Raw data ->

▬▬▬

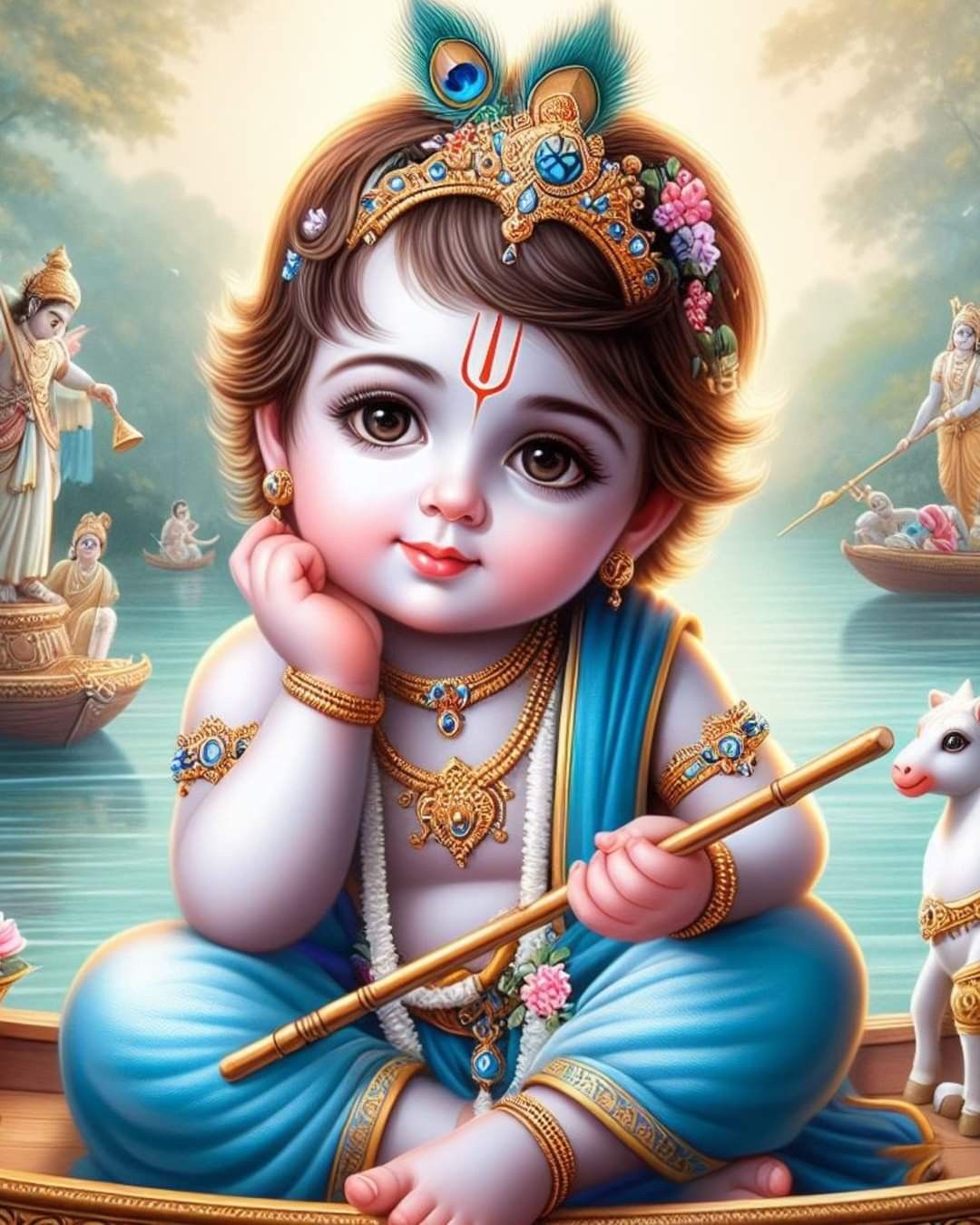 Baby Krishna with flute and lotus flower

▬▬▬

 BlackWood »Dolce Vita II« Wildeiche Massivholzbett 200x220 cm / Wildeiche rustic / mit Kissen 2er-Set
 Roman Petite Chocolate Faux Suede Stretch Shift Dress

▬▬▬

Required work -> Copy out only the lines above from the one with "mit Kissen 2er-Set" to the one with "Roman Petite Chocolate", inclusive, exactly as they stand.

Expected answer ->
 BlackWood »Dolce Vita II« Wildeiche Massivholzbett 200x220 cm / Wildeiche rustic / mit Kissen 2er-Set
 Roman Petite Chocolate Faux Suede Stretch Shift Dress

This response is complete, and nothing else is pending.